Our generic menu operates over various GHC.Generics types to expand out the sums and products into the Item categories that correspond to the menu. The instance for `GMenu (K1 R f)`

has a Menu constraint which allows manual override for specific datatypes.
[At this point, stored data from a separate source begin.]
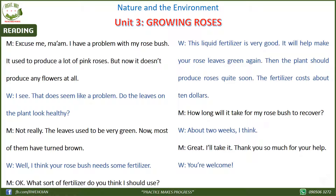Well, I think your rose bush needs some fertilizer. Okay. What sort of fertilizer do you think I should use? This liquid fertilizer is very good. It will help make your rose leaves green again. Then the plant should produce roses quite soon.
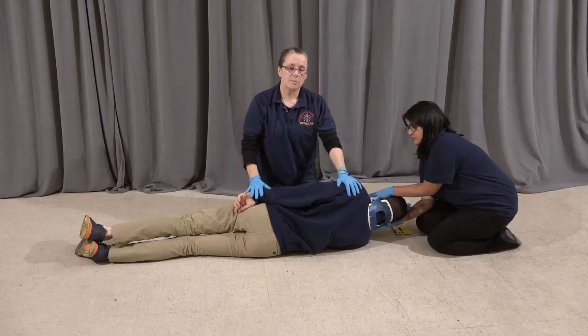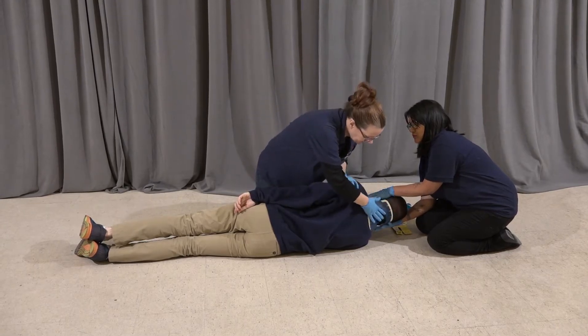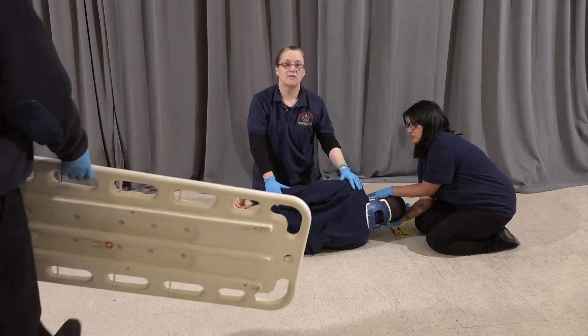While I have the patient on his side, before I apply the board, I'm going to check the posterior — back of the head, the spine, buttocks, and back of the legs. Seems to be no signs of injury here.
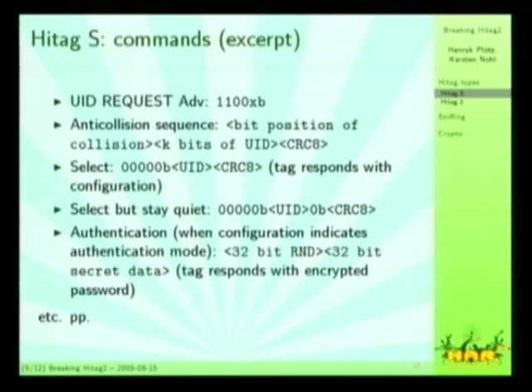Their authentication in HITECH-S is similar to what we're seeing in a moment on HITECH-2. The reader sends a 32-bit random number — a nonce — and calculates, based on this random number, the UID of the tag and its secret key, an authentication token that is transmitted after the nonce, after which the tag will use the cipher state and respond with its password in encrypted form. What you can see here especially is that there is no randomness supplied by the tag, so you can replay that easily.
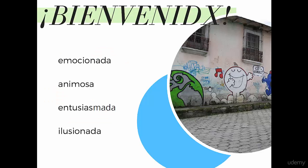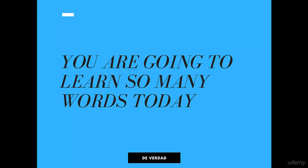Estoy muy emocionada, animosa, entusiasmada, ilusionada — all these different ways to say excited and enthusiastic. That's what I'm feeling right now. So, bienvenido, bienvenida. Let's get started on the training.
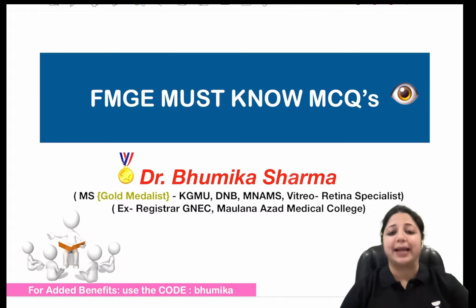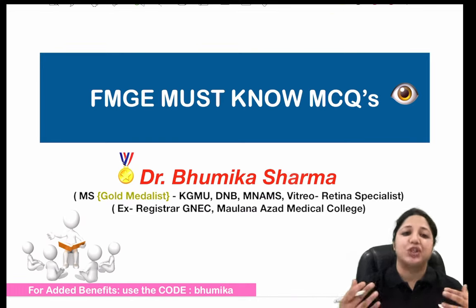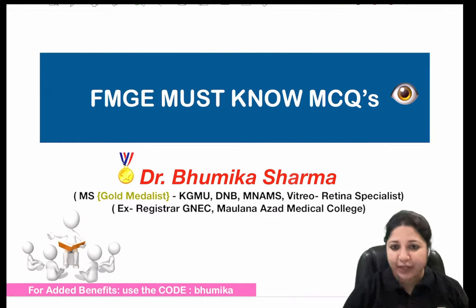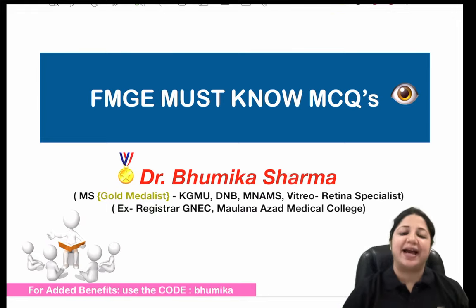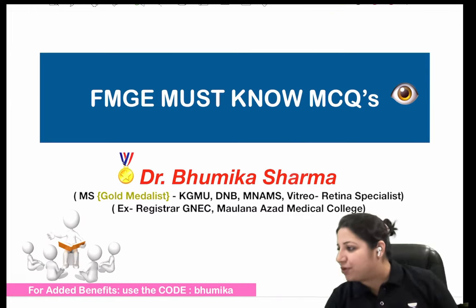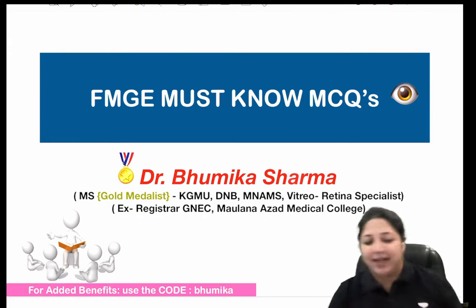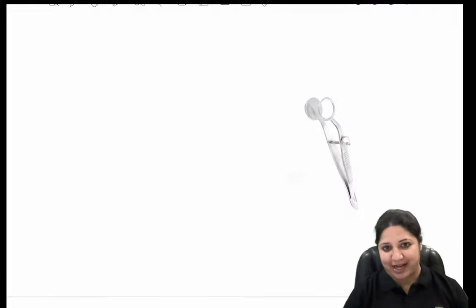There is an advanced course on ophthalmology targeting FMGE students and MDS aspirants planned for the month of July. I have all the details and the topics to be covered towards the end of this session, so you can visit the Unacademy app. Alright, I have so many confirmations coming up - let's get started. This is the point where we left last time.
Since we’re passing around a proxy we’ll have to manually thread the dictionary around sometimes by passing an `undefined`

cast to the type of the instance we need to resolve.

```
-- Generic Menu
class GMenu a where
gopts :: Proxy a -> [Item]
-- Datatype
instance GMenu f => GMenu (M1 D x f) where
gopts _ = gopts (Proxy :: Proxy f)
-- Constructor Metadata
instance (GMenu f, Constructor c) => GMenu (M1 C c f) where
gopts x
| conIsRecord (undefined :: t c f a) =
[Item (pack (conName m)) (gopts (Proxy :: Proxy f))]
| otherwise = [Choice (pack (conName m))]
where m = (undefined :: t c f a)
-- Selector Metadata
instance (GMenu f, Selector c) => GMenu (M1 S c f) where
gopts _ = [Variant (pack (selName m)) (gopts (Proxy :: Proxy f))]
where m = (undefined :: t c f a)
-- Constructor Paramater
instance (GMenu (Rep f), Menu f) => GMenu (K1 R f) where
gopts _ = menu (undefined :: f)
-- Sum branch
instance (GMenu a, GMenu b) => GMenu (a :+: b) where
gopts _ = gopts (Proxy :: Proxy a) ++ gopts (Proxy :: Proxy b)
-- Product branch
instance (GMenu a, GMenu b) => GMenu (a :*: b) where
gopts _ = gopts (Proxy :: Proxy a) ++ gopts (Proxy :: Proxy b)
-- Void branch
instance GMenu U1 where
gopts _ = []
```

Specifically we’ll override the `Maybe`

type so that it simply expands out to a choice of either “AsIs” of the variant or just the list of choices endowed by the inner parameter.

```
instance Menu a => Menu (Maybe a) where
menu _ = [Choice (pack "AsIs")] ++ (menu (undefined :: a))
```

As an example `Maybe Topping`

expands out into three choices.

`menu (a :: Maybe Topping) ~ [Choice "AsIs", Choice "IceCream", Choice "whipCream"]`

Using GHC 7.10’s new `-XDeriveAnyClass`

extension we can actually go back and automatically derive Menu inside the deriving clause.

```
data Pie = Pie
{ filling :: Filling
, topping :: Maybe Topping
} deriving (Show, Generic, Menu)
```

Now synthesizing a dictionary for Pie we can get a menu

`menu (undefined :: Pie)`

And voila:

```
[ Item
"Pie"
[ Variant
"filling" [ Choice "Apple" , Choice "Cherry" , Choice "Pumpkin" ]
, Variant
"topping"
[ Choice "AsIs" , Choice "IceCream" , Choice "WhipCream" ]
]
]
```

Since our logic is datatype generic, any Haskell we can write down can be automatically translated to a Menu just by `deriving Menu`

. So now we can a new `Crisp`

desert (my favorite!) *and we get everything for free*!

```
data Crisp = Crisp
{ contents :: Filling
, temperature :: Temperature
} deriving (Show, Generic, Menu)
data Temperature = Warm | Cold
deriving (Show, Generic, Menu)
-- Add an instance for a pair of menu items. That expands into multiple items.
instance (Menu a, Menu b) => Menu (a,b) where
menu _ = menu (undefined :: a) ++ menu (undefined :: b)
```

And we can generate the composite menu of both deserts:

`menu (undefined :: (Pie, Crisp))`

```
[ Item
"Pie"
[ Variant
"filling" [ Choice "Apple" , Choice "Cherry" , Choice "Pumpkin" ]
, Variant
"topping"
[ Choice "AsIs" , Choice "IceCream" , Choice "WhipCream" ]
]
, Item
"Crisp"
[ Variant
"contents" [ Choice "Apple" , Choice "Cherry" , Choice "Pumpkin" ]
, Variant "temperature" [ Choice "Warm" , Choice "Cold" ]
]
]
```

So that’s generics. One of the best goto examples of how an expressive type system and a few clever compiler hooks can make programmers lives easier by cooking our boilerplate for us and giving tastier more correct code.